Required action:
Return verbatim every line from the first line of the data below to the line that contains "Hydraulic threading machine", inclusive, and no further.

Stored entries
#####

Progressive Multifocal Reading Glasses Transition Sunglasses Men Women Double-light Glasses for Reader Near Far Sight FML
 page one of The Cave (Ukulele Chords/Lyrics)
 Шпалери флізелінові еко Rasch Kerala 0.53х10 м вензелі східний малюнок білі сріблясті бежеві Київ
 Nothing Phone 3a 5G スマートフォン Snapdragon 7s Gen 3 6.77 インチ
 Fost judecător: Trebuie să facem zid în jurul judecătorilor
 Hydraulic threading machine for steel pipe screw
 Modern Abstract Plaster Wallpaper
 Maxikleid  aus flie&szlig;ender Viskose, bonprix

#####

Response:
Progressive Multifocal Reading Glasses Transition Sunglasses Men Women Double-light Glasses for Reader Near Far Sight FML
 page one of The Cave (Ukulele Chords/Lyrics)
 Шпалери флізелінові еко Rasch Kerala 0.53х10 м вензелі східний малюнок білі сріблясті бежеві Київ
 Nothing Phone 3a 5G スマートフォン Snapdragon 7s Gen 3 6.77 インチ
 Fost judecător: Trebuie să facem zid în jurul judecătorilor
 Hydraulic threading machine for steel pipe screw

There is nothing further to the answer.